Comme tout être vivant, l’abeille a été soumise à des prédateurs. En revanche, ce que nous constatons aujourd’hui prend une ampleur sans précédent. Il y a là quelque chose de tout à fait nouveau, qui nous renseigne aussi sur notre rapport à la nature, à la planète, à notre environnement. 

L’abeille récolte du nectar, non seulement sans nuire à la fleur mais en la fécondant. C’est-à-dire qu’en butinant plusieurs fleurs d’une même espèce, elle déplace des grains de pollen, nécessaires à la reproduction. Par l’effet de pollinisation, l’abeille crée une valeur bien plus importante que celle de son propre miel. C’est une externalité positive, pour parler comme un économiste.

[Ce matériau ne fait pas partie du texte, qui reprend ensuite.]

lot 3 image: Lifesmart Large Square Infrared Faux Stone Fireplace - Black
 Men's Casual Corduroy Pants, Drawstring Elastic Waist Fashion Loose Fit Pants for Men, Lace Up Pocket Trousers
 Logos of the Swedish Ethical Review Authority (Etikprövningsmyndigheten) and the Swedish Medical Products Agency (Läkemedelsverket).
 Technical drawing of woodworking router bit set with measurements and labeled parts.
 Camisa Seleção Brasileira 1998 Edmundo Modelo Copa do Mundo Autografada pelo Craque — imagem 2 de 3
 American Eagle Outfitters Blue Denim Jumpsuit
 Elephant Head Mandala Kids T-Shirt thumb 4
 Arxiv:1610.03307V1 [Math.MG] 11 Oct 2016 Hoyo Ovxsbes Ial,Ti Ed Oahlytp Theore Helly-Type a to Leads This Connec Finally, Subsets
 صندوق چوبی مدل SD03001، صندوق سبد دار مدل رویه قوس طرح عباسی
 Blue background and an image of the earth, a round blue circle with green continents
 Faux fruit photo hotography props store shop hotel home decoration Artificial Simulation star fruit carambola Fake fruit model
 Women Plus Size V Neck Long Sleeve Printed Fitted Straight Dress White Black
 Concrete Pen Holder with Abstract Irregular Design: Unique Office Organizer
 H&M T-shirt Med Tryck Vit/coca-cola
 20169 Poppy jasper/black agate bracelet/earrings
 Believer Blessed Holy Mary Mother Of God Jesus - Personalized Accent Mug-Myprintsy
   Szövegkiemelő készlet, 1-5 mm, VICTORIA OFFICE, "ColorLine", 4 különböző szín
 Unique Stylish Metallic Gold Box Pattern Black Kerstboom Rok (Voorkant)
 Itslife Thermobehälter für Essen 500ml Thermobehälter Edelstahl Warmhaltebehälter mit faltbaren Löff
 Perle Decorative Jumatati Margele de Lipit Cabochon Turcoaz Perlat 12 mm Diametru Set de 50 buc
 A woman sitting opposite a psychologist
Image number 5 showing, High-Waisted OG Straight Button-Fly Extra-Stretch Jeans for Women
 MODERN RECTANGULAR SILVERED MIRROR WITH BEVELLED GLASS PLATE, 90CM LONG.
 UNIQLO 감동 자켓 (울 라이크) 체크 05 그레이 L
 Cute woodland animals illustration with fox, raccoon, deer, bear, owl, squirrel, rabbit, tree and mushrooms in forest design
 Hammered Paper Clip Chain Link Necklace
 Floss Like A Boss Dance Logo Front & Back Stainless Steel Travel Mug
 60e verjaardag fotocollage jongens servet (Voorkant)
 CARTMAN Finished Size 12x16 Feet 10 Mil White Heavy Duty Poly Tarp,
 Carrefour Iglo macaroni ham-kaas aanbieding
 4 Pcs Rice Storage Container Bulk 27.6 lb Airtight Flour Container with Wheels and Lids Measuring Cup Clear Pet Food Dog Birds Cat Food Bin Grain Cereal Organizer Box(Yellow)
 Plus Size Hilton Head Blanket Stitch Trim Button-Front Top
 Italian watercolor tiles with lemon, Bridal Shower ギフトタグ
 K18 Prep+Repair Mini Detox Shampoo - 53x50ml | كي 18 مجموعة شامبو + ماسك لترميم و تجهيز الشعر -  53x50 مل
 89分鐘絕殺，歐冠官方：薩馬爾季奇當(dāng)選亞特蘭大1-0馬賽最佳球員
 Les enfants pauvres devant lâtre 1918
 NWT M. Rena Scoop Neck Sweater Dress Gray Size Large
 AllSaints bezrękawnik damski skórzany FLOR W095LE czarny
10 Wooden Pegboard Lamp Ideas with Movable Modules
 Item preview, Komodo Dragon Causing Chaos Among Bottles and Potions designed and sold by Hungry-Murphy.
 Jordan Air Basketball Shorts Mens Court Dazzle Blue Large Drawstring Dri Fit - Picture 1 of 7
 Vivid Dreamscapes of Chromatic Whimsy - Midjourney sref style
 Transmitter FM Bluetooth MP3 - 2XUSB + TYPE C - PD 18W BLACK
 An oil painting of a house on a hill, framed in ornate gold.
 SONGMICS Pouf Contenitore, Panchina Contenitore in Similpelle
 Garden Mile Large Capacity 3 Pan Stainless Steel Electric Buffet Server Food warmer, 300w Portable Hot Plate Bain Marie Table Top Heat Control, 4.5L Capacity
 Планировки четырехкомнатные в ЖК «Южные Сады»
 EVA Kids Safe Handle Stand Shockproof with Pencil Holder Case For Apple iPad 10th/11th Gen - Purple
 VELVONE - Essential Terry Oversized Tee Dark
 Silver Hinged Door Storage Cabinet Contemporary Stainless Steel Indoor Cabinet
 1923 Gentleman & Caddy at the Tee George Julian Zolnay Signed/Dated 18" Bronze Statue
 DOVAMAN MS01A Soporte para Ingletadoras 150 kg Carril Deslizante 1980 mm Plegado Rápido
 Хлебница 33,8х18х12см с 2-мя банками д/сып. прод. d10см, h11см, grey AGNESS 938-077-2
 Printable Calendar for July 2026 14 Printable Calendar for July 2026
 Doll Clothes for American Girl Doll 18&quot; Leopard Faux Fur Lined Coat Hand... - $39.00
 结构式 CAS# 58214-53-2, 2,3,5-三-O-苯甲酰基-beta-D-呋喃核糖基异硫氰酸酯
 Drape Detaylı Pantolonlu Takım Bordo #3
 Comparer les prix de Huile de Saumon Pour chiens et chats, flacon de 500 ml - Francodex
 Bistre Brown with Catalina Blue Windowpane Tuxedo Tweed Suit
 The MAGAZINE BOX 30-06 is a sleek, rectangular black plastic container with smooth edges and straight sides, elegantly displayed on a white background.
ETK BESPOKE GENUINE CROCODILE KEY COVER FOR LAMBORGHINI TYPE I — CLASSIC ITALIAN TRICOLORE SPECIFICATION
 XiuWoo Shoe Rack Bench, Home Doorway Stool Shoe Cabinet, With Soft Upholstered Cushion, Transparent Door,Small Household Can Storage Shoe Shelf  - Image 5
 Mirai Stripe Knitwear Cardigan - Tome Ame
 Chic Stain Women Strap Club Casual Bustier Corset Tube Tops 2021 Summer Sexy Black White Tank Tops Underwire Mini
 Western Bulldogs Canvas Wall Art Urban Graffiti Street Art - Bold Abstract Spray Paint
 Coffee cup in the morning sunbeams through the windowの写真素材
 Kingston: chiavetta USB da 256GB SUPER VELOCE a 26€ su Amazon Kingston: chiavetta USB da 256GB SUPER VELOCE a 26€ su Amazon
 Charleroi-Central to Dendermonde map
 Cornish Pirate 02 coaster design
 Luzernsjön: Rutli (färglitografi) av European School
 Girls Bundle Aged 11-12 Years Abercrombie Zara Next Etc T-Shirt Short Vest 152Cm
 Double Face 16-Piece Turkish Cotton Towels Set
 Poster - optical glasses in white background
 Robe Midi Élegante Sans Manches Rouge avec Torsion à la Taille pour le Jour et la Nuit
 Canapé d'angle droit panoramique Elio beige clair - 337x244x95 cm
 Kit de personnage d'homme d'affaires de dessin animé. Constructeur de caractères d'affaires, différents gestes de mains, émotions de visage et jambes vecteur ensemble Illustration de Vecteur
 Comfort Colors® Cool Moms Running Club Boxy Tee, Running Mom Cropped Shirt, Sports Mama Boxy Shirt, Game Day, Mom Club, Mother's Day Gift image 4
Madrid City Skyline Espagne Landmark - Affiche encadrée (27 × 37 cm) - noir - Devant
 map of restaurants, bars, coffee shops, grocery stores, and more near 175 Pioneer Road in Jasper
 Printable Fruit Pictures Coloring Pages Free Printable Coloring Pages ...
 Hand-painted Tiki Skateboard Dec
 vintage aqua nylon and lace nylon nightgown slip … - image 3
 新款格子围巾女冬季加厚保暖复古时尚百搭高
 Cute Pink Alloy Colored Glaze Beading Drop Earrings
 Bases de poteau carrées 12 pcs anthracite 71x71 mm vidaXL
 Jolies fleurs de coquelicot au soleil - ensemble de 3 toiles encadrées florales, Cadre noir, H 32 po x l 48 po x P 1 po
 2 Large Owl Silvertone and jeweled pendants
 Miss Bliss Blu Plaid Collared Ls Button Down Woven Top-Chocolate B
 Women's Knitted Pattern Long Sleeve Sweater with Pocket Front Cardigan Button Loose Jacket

Il s’agit d’une réflexion majeure. Une fois que l’on a pris conscience de la finitude de la planète, des ressources limitées dont nous disposons, l’abeille peut fournir, par son rapport économique à son environnement, une piste de réflexion.

Comment réagit-on à la disparition entière de ruchers ?

La première réaction de l’apiculteur, c’est de se dire : « Je suis complètement nul, je ne sais pas faire. » Après, on rend visite aux collègues et l’on se rend compte que c’est une situation plus générale... J’ai connu deux années particulièrement difficiles. 

Pensez-vous que le plan national proposé par Ségolène Royal, « France, terre de pollinisateurs », sera suffisant pour protéger ces insectes et particulièrement les abeilles ? 

Il y a quelque chose qui me paraît très positif, c’est la prise en compte de tous les pollinisateurs. Il est vrai que l’abeille a tendance à occulter les autres espèces comme le bourdon, la mouche ou le papillon, car elle est responsable du travail de pollinisation à hauteur de 80 %.

Ensuite, il y a d’autres mesures d’ordre plus symbolique : le développement des abeilles dans les villes ; favoriser aussi la diversité le long des routes… Il reste que la question des néonicotinoïdes est la plus décisive. Le travail de sensibilisation est capital, mais j’ai peur qu’à trop vouloir sensibiliser, nous oubliions l’objectif principal : arriver à interdire ces produits.